Chinese Professor Builds Li-Fi System With Retail Parts 155
alphadogg writes "The equipment is big and expensive, with the research costs at almost $500,000. But by just using retail components, Chinese professor Chi Nan has built her own Li-Fi wireless system that can use LED lights to send and receive Internet data. "I bought the lights from Taobao," she said, referring to the Chinese e-commerce site. The professor from Fudan University showed off the technology on Tuesday at the China International Industry Fair in Shanghai. Unlike traditional Wi-Fi routers that use radio signals, Chi's system relies on light to send and receive data wirelessly. Others scientists, especially in the U.K., have also been researching the technology, and dubbed it "Li-Fi". But rather than develop specialized hardware, Chi bought off-the-shelf retail parts to create her system."

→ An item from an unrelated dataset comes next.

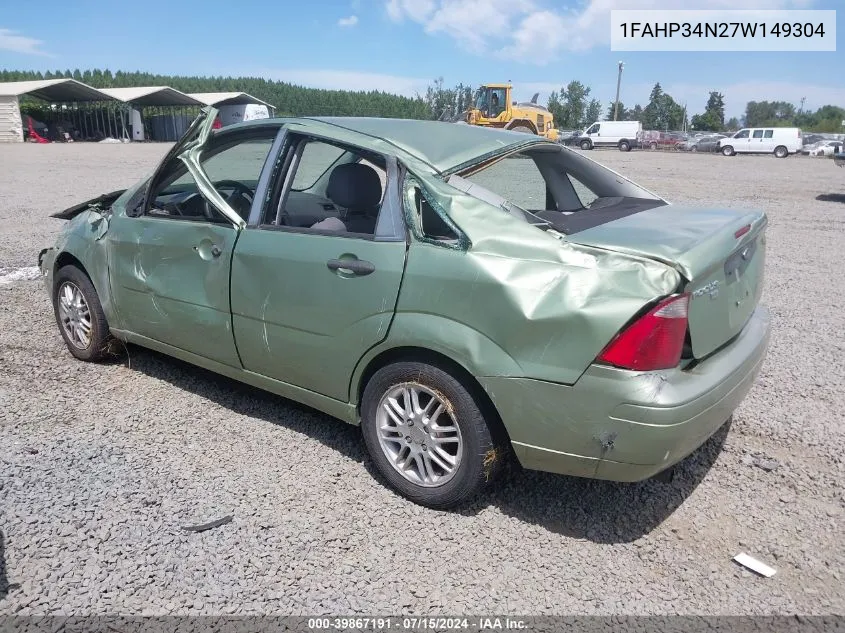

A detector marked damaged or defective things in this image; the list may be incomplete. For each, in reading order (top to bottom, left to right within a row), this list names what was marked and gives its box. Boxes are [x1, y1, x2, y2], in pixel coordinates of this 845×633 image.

Re:does it work through walls? (Score:5, Interesting)
A wireless medium that doesn't use something capable of penetrating through walls would actually be an advantage in these kinds of environments. Granted, to be practical it would require peoples' devices to have both WIFI and LIFI, but they often have both WIFI and copper capability now anyway, so more than one interface isn't a stretch.

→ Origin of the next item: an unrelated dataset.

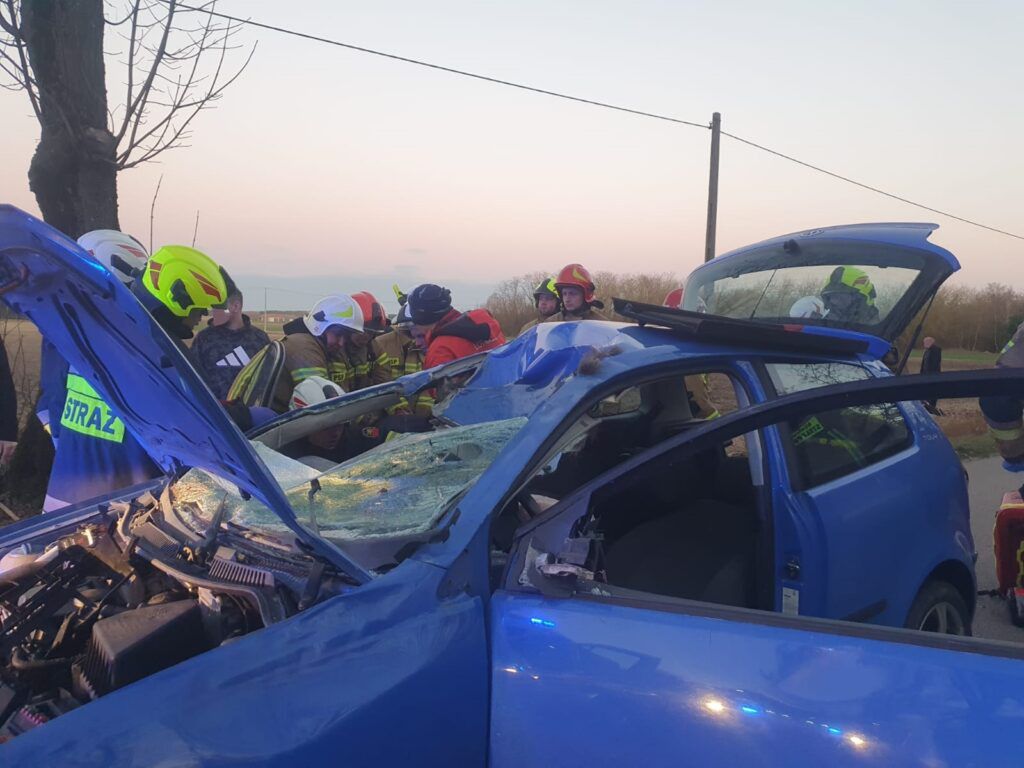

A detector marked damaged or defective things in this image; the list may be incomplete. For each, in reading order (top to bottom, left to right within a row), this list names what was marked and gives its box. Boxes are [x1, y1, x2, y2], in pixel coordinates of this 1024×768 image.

crushed windshield [171, 420, 524, 544]
shattered glass [172, 420, 524, 544]
severely damaged blue car [2, 207, 1024, 764]
exposed car engine [0, 492, 348, 744]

Re:does it work through walls? (Score:5, Interesting)
Nothing really. It's a new buzzword that everyone is oogling. we were getting 4mbps over IR point to point using PVC and some lenses to steal internet from the college back in the early 90's. One of the buildings was visible from our rental so we ran wires and had an old linux PC at each end using the DB15 ports on the old ethernet cards we found and set up a photodiode and an IR led on each end to set up an optical link. WE actually used visible LED's to start with to set everything up, and then went IR for stealth.
Worked great we had the fastest internet around for a house with 12 random nerds in it. I will bet that the transmitter portion is still on the roof of that school building 20 some years later.
IrDA (Score:5, Interesting)
News just in: IrDA wants its acronym back. On a more serious note, I really did like IrDA. It was slow as crap and the range sucked, but at one point in time, pretty much EVERYTHING had IrDA support. Laptops, cell phones, PDAs, HPCs, etc. You could buy serial dongles to add to any PC for $5 or so. It was the go-to fallback to transfer a file or data between two devices that had disparate storage card types (PC-Card vs CF cards, etc), or you didn't have cables to connect them up directly. Bluetooth has sort of replaced it, but you can't just bit-bang communication with a bluetooth device using a microcontroller and two 25 cent components. Plus Bluetooth has been implemented by OEMs as more of a method to connect dumb peripherals than a method of communicating directly between devices.